--- EXTRACTED MATERIAL Enclosed Below ---
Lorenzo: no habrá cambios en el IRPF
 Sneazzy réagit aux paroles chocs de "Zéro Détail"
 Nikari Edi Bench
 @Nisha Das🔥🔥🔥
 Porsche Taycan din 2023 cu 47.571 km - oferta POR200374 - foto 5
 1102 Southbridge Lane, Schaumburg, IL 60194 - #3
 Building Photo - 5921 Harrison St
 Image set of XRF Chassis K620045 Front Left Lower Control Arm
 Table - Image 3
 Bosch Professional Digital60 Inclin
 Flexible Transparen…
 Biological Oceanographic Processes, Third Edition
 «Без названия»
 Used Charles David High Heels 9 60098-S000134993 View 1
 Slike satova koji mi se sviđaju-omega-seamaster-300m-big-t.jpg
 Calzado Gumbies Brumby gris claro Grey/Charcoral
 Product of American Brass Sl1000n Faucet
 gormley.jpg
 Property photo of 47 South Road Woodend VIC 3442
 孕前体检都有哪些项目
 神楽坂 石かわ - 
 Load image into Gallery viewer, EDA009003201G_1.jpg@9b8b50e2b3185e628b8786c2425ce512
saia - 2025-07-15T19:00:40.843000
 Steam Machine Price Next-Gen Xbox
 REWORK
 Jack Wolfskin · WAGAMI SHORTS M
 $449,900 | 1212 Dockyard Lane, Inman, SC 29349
--- End of Enclosed EXTRACTED MATERIAL ---
**EXERCISE BRIEF**
Return every record above exactly as written.

**ANSWER SECTION**
Lorenzo: no habrá cambios en el IRPF
 Sneazzy réagit aux paroles chocs de "Zéro Détail"
 Nikari Edi Bench
 @Nisha Das🔥🔥🔥
 Porsche Taycan din 2023 cu 47.571 km - oferta POR200374 - foto 5
 1102 Southbridge Lane, Schaumburg, IL 60194 - #3
 Building Photo - 5921 Harrison St
 Image set of XRF Chassis K620045 Front Left Lower Control Arm
 Table - Image 3
 Bosch Professional Digital60 Inclin
 Flexible Transparen…
 Biological Oceanographic Processes, Third Edition
 «Без названия»
 Used Charles David High Heels 9 60098-S000134993 View 1
 Slike satova koji mi se sviđaju-omega-seamaster-300m-big-t.jpg
 Calzado Gumbies Brumby gris claro Grey/Charcoral
 Product of American Brass Sl1000n Faucet
 gormley.jpg
 Property photo of 47 South Road Woodend VIC 3442
 孕前体检都有哪些项目
 神楽坂 石かわ - 
 Load image into Gallery viewer, EDA009003201G_1.jpg@9b8b50e2b3185e628b8786c2425ce512
saia - 2025-07-15T19:00:40.843000
 Steam Machine Price Next-Gen Xbox
 REWORK
 Jack Wolfskin · WAGAMI SHORTS M
 $449,900 | 1212 Dockyard Lane, Inman, SC 29349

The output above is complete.